5. On 30 June 2017, the delegate cancelled the visa under s.116(1)(b) of the Act on the basis the applicant, in breach of visa condition 8202(2)(a), had not been enrolled in a registered course of study since 28 September 2016, and the grounds in favour of cancellation outweighed the grounds against cancellation.
6. The applicant applied to the Tribunal for review of the decision on 7 July 2017, and attached to her application, a copy of the Notice of Cancellation and the Decision Record (application). The issues in the present case are whether the ground for cancellation in s.116(1)(b) of the Act is made out, and if so, whether the visa should be cancelled.

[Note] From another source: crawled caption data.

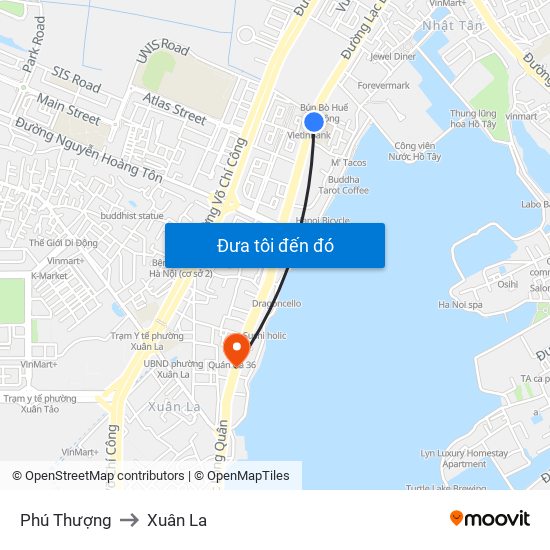 Phú Thượng to Xuân La map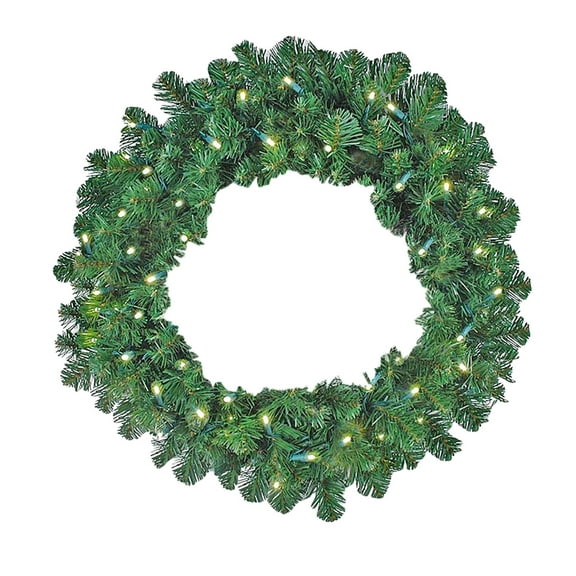 Novelty Lights 24″ Lighted Colorado Pine Wreath, Lush Pre-Lit Holiday Decor with 50 Warm White LEDs and 144 Flame-Retardant PVC Tips
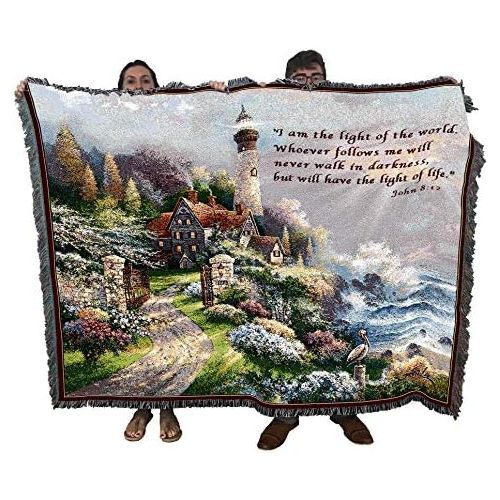  Pure Country Weavers Coastal Splendor with Scripture Tapestry Throw Blanket, 70 x 54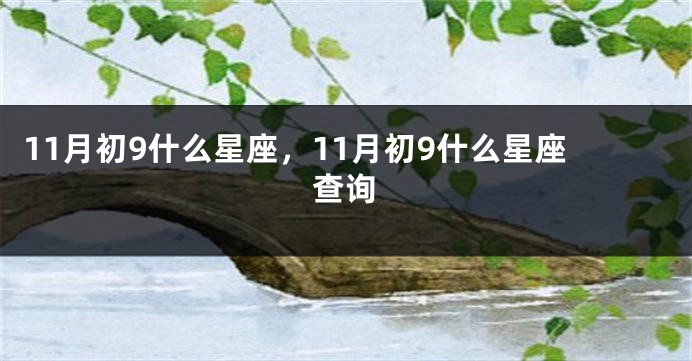11月初9什么星座，11月初9什么星座查询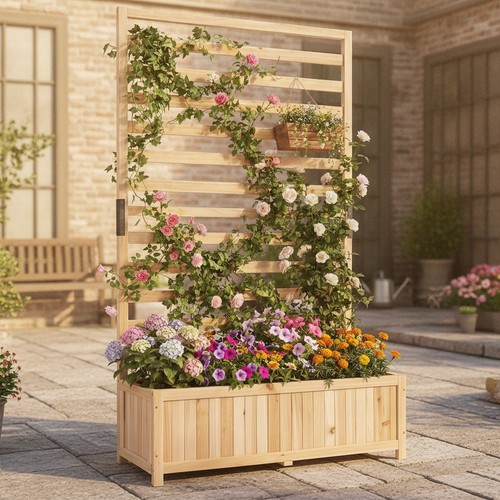Wooden planter with - wooden,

7. By letter emailed to the applicant’s registered migration agent (representative) on 8 July 2019, the Tribunal invited the applicant to appear before the Tribunal to give evidence and present arguments relating to the issues in her case at a hearing on 24 July 2019 at 10:00 AM (hearing invitation). The hearing invitation advised the applicant the Tribunal may, if she did not attend the scheduled hearing and an adjournment was not granted, make a decision on the review without taking any further action to allow or enable the applicant to appear before it. The ‘Information About Hearings – MR Division’ leaflet enclosed with the hearing invitation provided specific information in relation to the availability of telephone hearings.

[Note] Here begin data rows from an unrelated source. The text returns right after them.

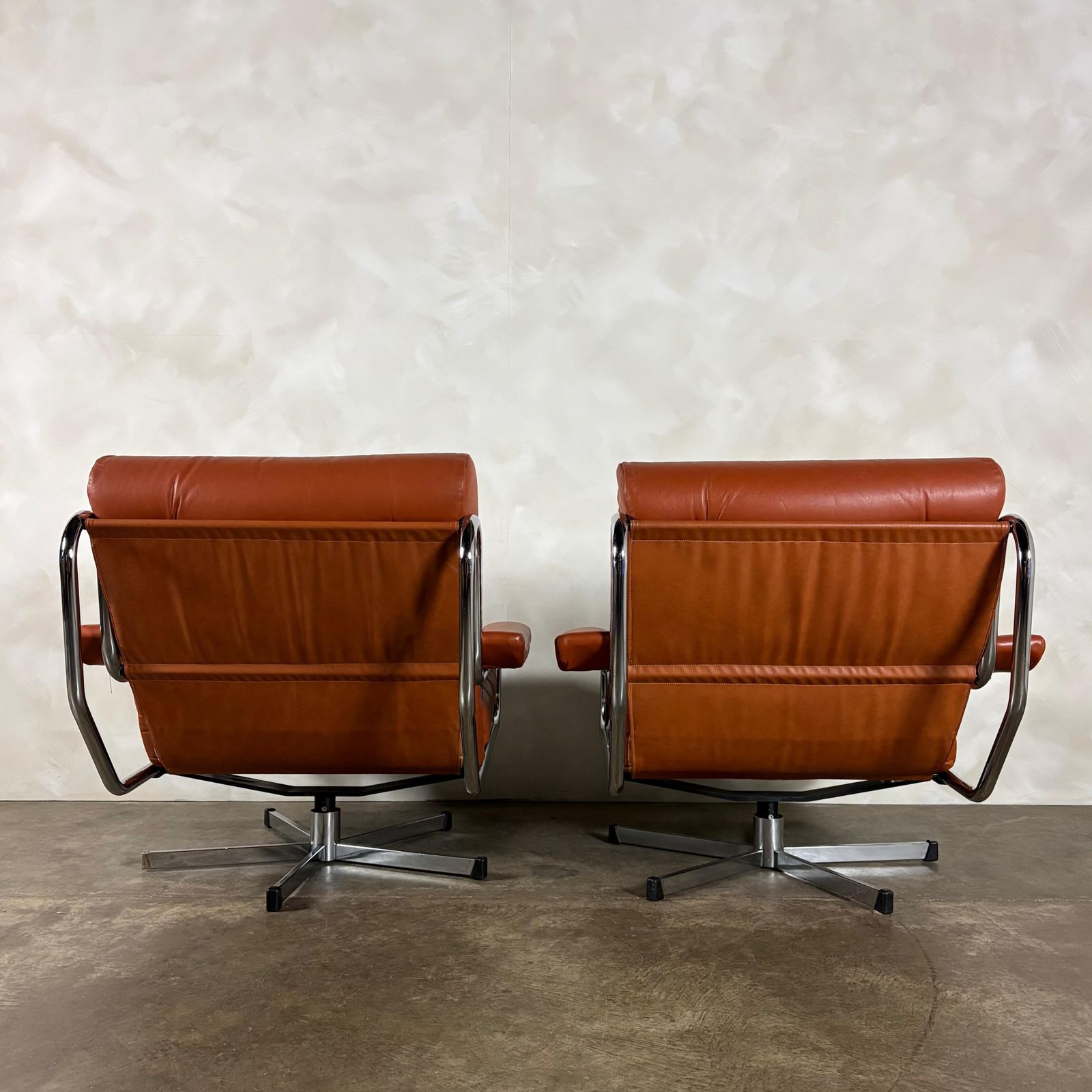 photo furniture Mid Century Pieff Alpha Tan Brown Leather Three Seater Sofa & Two Swivel Lounge Chairs With Footstool Retro Mcm
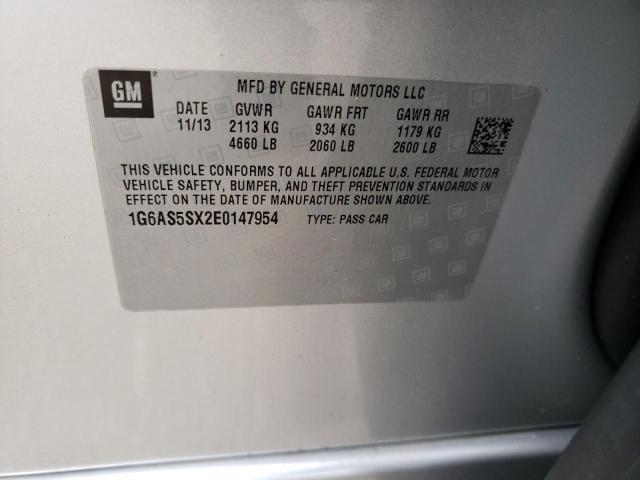 1G6AS5SX2E0147954 - 2014 CADILLAC CTS PERFORMANCE COLLECTION Серебристый фото 12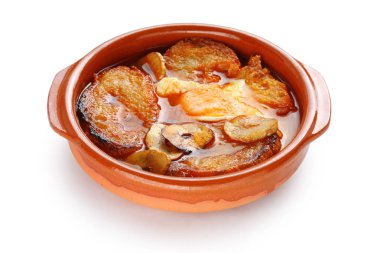 sopa de ajo , castilian garlic soup , spanish food clipart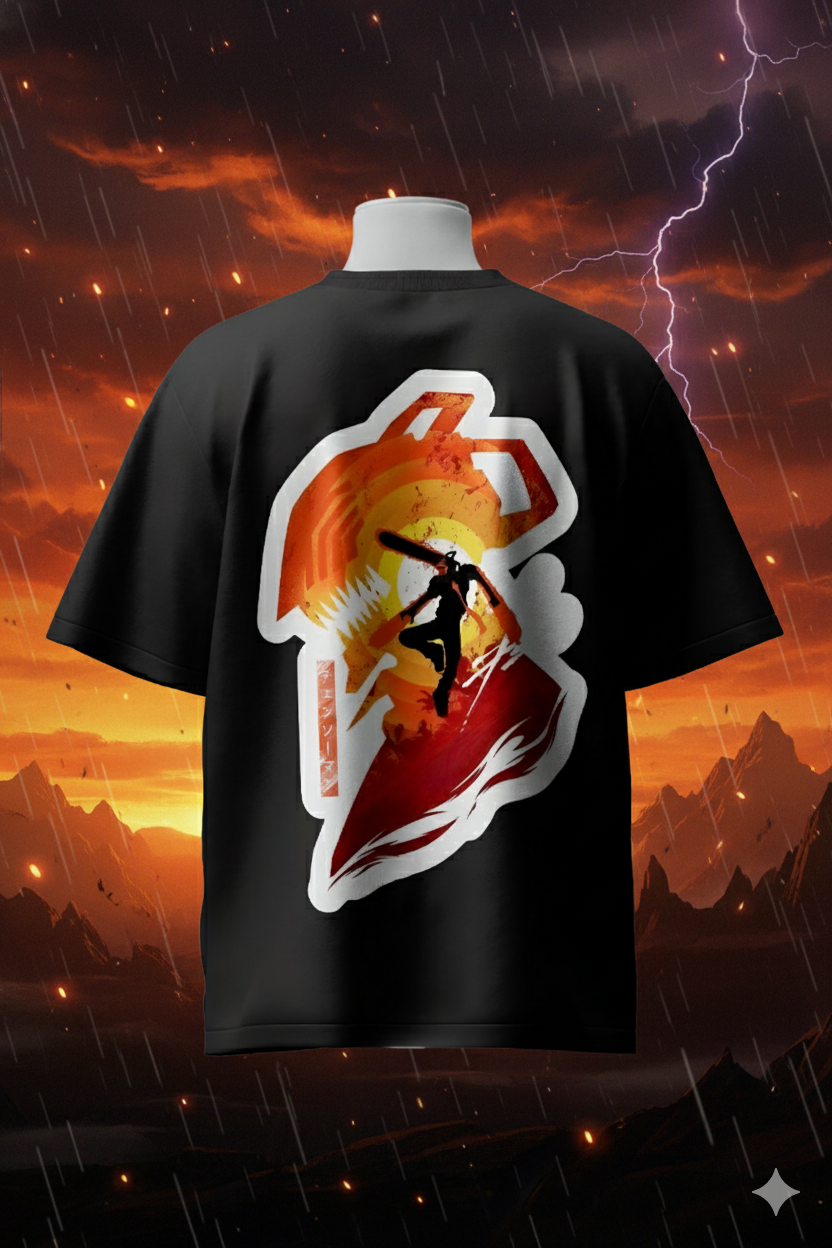Denji Chainsaw Man Anime T-Shirt – Unisex Oversized Cotton Streetwear for True Fans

8. Also enclosed with the hearing invitation was a ‘Response to Hearing Invitation – MR Division’ document, to be filled in by the applicant and returned to the Tribunal. That document specifically provided that if the applicant selected “no” in response to the question whether she would take part in the hearing, the Tribunal may make a decision on the application without taking any further action to allow or enable the applicant to appear before it.
9. On 11 July 2019, the applicant’s representative provided to the Tribunal, a filled in and signed ‘Response to Hearing Invitation – MR Division’, on which the question whether the applicant would take part in the hearing scheduled for 24 July 2019, was answered, ‘no’. The representative’s covering email advised “the applicant is offshore and she is unable to attend the hearing.”
10. The Tribunal, in its letter dated 19 July 2019 in response to the representative’s email, stated:
“[The] Tribunal confirm[s] your email advice on 11 July 2019 that the applicant is offshore and unable to attend the hearing.
As the applicant will not be attending the scheduled hearing, the Tribunal may make a decision on the application without taking any further action to allow or enable the applicant to appear before us.
Alternatively, if you are you instructed to withdraw this application, please provide the Notice of Withdrawal as a matter of utmost priority.
11. The Tribunal did not receive any response to its 19 July 2019 letter, or any further correspondence or contact of any kind from or on behalf of the applicant, prior to either the hearing date or this decision.
12. The applicant failed to appear before the Tribunal at the scheduled hearing on 24 July 2019 at 10:00 AM. Movement records for the applicant confirm she departed Australia on 25 May 2019, on a Bridging Visa E with no return travel facility.
13. The Tribunal is satisfied the applicant was properly invited to a hearing in accordance with s.379A(5) of the Act. In these circumstances, and pursuant to s.362B of the Act, the Tribunal has decided to make its decision on the review without taking any further action to enable the applicant to appear before it.
14. For the following reasons, the Tribunal has concluded that the decision to cancel the applicant’s visa should be affirmed.
CONSIDERATION OF CLAIMS AND EVIDENCE
ISSUES
15. Under s.116 of the Act, the Minister may cancel a visa if she or she is satisfied that certain grounds specified in that provision are made out. Relevantly, to this case, these include the ground set out in s.116(1)(b).
16. Section 116(1)(b) provides for cancellation of a visa where ‘its holder has not complied with a condition of the visa.’ Visa conditions for each subclass are identified in the relevant part of Schedule 2 to the Regulations, and described in Schedule 8 to the Regulations.
17. In this case, condition 8202 was imposed on the applicant’s student visa.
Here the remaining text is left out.